What a shitshow.
There were better times and places, and they were only making this worse.
“You’ll get what’s coming to you.” My dad stepped back, giving me a clear view of his angry face. “And when it finally catches up to you, you’ll know that you were the reason this all happened.”
My mother and father left just as abruptly as they arrived, leaving the diner in stunned silence.
“Call Black,” Denver said quietly. “Right now.”
I assumed he was talking to me, because there was no one else at the table that could’ve known what he was talking about. But then a man I hadn’t observed at the counter stood up and reached for his phone clipped to his belt. I recognized him as Odin, the town grump and expert glarer. He’d scared the absolute crap out of me ever since he’d started showing up in town with the Dixie Wardens last year.
The first time I’d seen him he’d gotten in a bar fight with one of the workers at Paul Bunyon’s Logging. The man had been the size of a brick shit house, and looked like he could bench press a Buick. Yet, Odin had found offense when the man had tried to force his wife to drink a shot that she didn’t want to drink. After telling the man off, Odin had gone back to his business.
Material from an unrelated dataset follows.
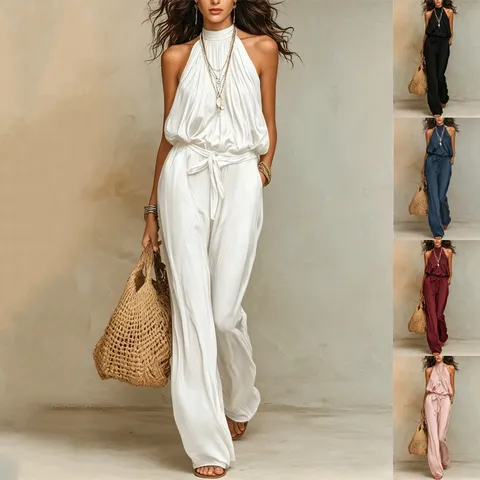 Women's Bohemian Halter Sleeveless Wide Leg Long Jumpsuit High Waist Tie Solid Color Casual Vacation Polyester Romper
But the abuser had hauled his wife up by her hair and all but shoved the shot down her throat, and Odin had rightly objected to that move also and shown him the error of his ways.
From that moment on, I’d had a wary respect for him.
Now, looking at him, he looked even more scary, which should’ve been impossible. However, I was experiencing it with my own eyes, and the man looked like he could flay the skin off your bones with just a narrow-eyed glare.
“Black,” I heard Odin rumble. “Something’s happened.”
“You okay?”
I looked away from Odin to see Denver looking at me like I would break.
But that’s the thing about my parents. Their opinions of me had stopped mattering the day that I’d emancipated myself and moved out at seventeen.
“Yes,” I lied.
I might not get my feelings hurt as easily, but that didn’t mean that everyone else’s opinion of me didn’t matter.
Especially the two men standing in front of me looking quite ferocious.
They meant something to Weaver, so that meant they meant something to me.
And I liked to make good impressions when it mattered.
“What’s with that look on your face, then?” he asked bluntly.
“I can’t say that I quite like the idea of my business being aired like it has,” I admitted. “But I know that something like this wasn’t ever going to stay secret for long.”
Denver grunted and took the seat next to me again, boxing me in and blocking my view from everyone else in the diner.
“Nobody’s opinion but your own matters,” Denver said quietly. “Do you want anything else to eat?”
I was already shaking my head. “I have no room left in my stomach.”
He eyed my mostly finished plate before saying, “You eat like a rabbit.”
“She eats pretty heftily,” Nettie interjected. “Her appetite is still coming back after the bear attack.”
Denver’s eyes lit on my face. “I heard the 9-1-1 call.”
I nodded. “I’m sure everyone has at this point.”
“Wasn’t even there, and didn’t experience it with you,” he said. “But literally gave me chills.” His eyes were intense when he said, “I used to let my daughter go on trail runs by herself. Not anymore.”
I shook my head. “You should let her go. I won’t let anyone stop me from going on my own solo hikes. This was a freak accident, and it literally could’ve happened to anyone. Even a man who might’ve had a better chance at fighting it off.”